The ADA and ABA Accessibility Standards include many requirements applicable to electric vehicle charging stations, among which are provisions regarding access to sites, facilities, buildings, and elements, as well as specific requirements for operable parts and accessible routes. Even absent a specific reference to EV charging stations in the ADA and ABA Standards, regulated entities must still ensure that they are accessible to and usable by individuals with disabilities.

Some EV chargers also have user interfaces and payment systems that would be considered information and communication technology (ICT). Section 508 of the Rehabilitation Act requires individuals with disabilities have access to and use of ICT provided by the Federal government. The law applies to all Federal agencies when they develop, procure, maintain, or use ICT. Federal agencies must ensure that any ICT that is part of an EV charger is accessible to employees and members of the public with disabilities to the extent it does not pose an “undue burden.”
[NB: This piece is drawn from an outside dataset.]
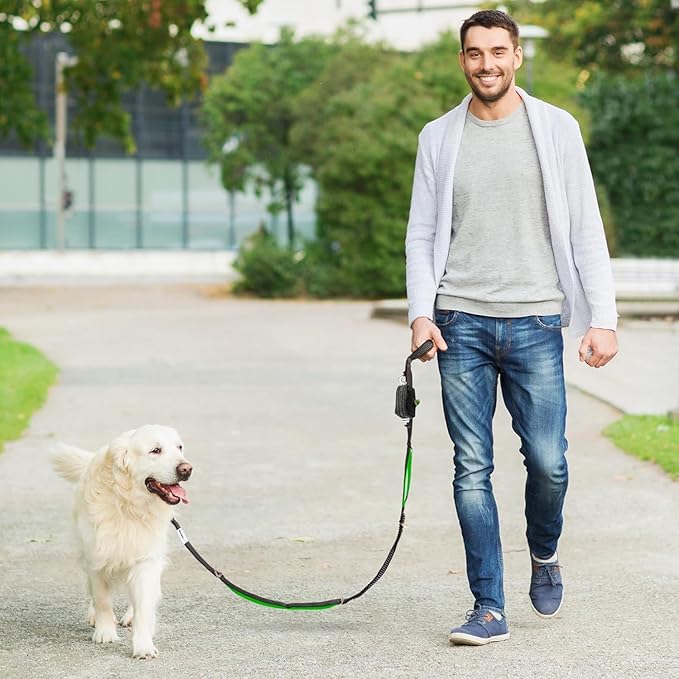 Dog Poop Bag Holder with Dispenser & Storage Pouch - Includes Adjustable Reflective Dog Leash (6FT Bungee, Padded Handles) - Durable Leash for Walking, Training & Travel (Aqua)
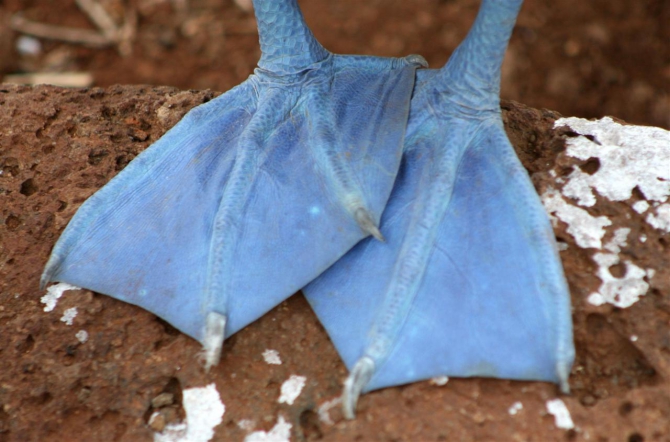 Свесить ноги в разные полушария... (Альпинизм, эквадор, котопакси, иллиница норте, галапагосы)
In this technical assistance document, the Access Board uses the terms “must” or “required” with reference to the applicable ADA, ABA, and Section 508 Standards with which entities must comply. The words “should” or “recommends” refer to additional recommendations for accessible EV charging stations. Recommendations are not legally binding on any regulated entity but are provided as technical assistance to help regulated entities design and install EV charging stations that are accessible to and usable by people with disabilities.

Types of EV Charging Stations that Must Be Accessible

Entities subject to the ADA or ABA must provide EV charging stations that are accessible to and usable by people with disabilities.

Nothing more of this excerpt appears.